Appleton anomaly increase following sunset: Its observed relation to equatorial F layer E × B drift velocity

Abstract

The upward E × B drift velocity of the postsunset F layer at the dip equator, in response to the prereversal electric field, and the resulting enhancement of the fountain effect plasma at the Appleton anomaly are observed nearly simultaneously near the same geomagnetic meridian. Measurements, the first under such controlled conditions, are by a chain of ionospheric sounders recording ionograms at intervals of 5–15 min on two consecutive days during equinox at solar maximum, both having quiet magnetic conditions and high solar fluxes. Measured is the following sequence of cause and effect: the equatorial F layer electron density that persists through sunset; the solar E layer electron density conjugate to this F layer that decays rapidly through sunset; the bottomside equatorial F layer altitude, h′F, as it drifts upward in response to the F region dynamo electric field; and the anomaly F layer electron density that increases with the arrival of the resulting enhanced fountain effect plasma at 16.0° and at 20.3° dip latitude. At the equator the maximum drift velocity measured by dh′F/dt is 70 m s−1 on the first day and 50 m s−1 on the second.

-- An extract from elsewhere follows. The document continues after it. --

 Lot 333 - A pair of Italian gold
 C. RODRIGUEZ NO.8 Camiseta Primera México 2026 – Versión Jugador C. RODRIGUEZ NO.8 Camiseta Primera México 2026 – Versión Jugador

The differences in drift velocity are reflected in the anomaly in latitudinal distributions of F layer maximum electron density between 0° and 30° dip latitude that show the anomaly crest to increase in magnitude and in latitude: rapidly on the first day, reaching a maximum of 55 × 105 el cm−3 18° dip latitude at 2100 LT, and more slowly on the second day, reaching ≥38 × 105 el cm−3 at ≤16° dip latitude, also at 2100 LT. In addition to the qualitative relationship, maximum drift velocity and anomaly crest maximum electron density and its maximum rate of increase are all reduced by about the same factor on the second day relative to the first.